Precious metals are steady today, with palladium seeing modest gains. Gold closed at $1,291.30 yesterday, down $4.30 after recovering half of the smackdown which occurred on the Chinese market open. Silver closed at $19.54, while platinum and palladium were down on (false) rumors of an end to the South African platinum mining strike. Platinum closed at $1,405 and palladium at $782 after being subjected to a steep drop.
Speaking of the platinum group metals, it seems that imports by China are picking up. Tougher pollution restrictions and a growing auto industry are increasing demand for PGMs in the Middle Kingdom.
Metals prices are being helped by more weakness in the dollar, which seems unable to establish an uptrend or any safe haven demand over Ukraine. The European Central Bank was talking down the strong euro earlier today, which limited losses by the dollar.

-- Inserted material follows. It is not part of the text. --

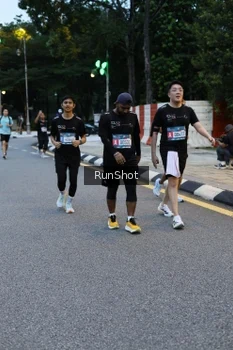 Runner Photo 4296030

Wall St. opened up, as traders looked to the S&P 500 to continue a winning streak this week. Euro stocks were up on merger and acquisition talk in the pharmaceutical sector, while the Nikkei in Tokyo gave up early gains on weak earnings reports. Hong Kong's Hang Seng index was down as news of a corruption probe against the CEO of a major energy company hit the news. The Shangai index was up on news that the government would be relaxing capital requirements for rural banks, in an effort to help Chinese farmers. Ideas are also circulating on making borrowing by local governments more transparent, with the idea that Beijing will allow local governments to begin borrowing again.
Home prices in the U.S. for February were up 0.6% from January, and up 6.9% year over year. Good news for those who have been underwater in their mortgages. Existing home sales for February were down slightly from January, which was a terrible month for homebuying due to blizzards. Compared to last February, sales were down 7.1%, the steepest one-month decline in three years. No one wanted to move during the bad weather, which meant fewer homes for sale and fewer buyers.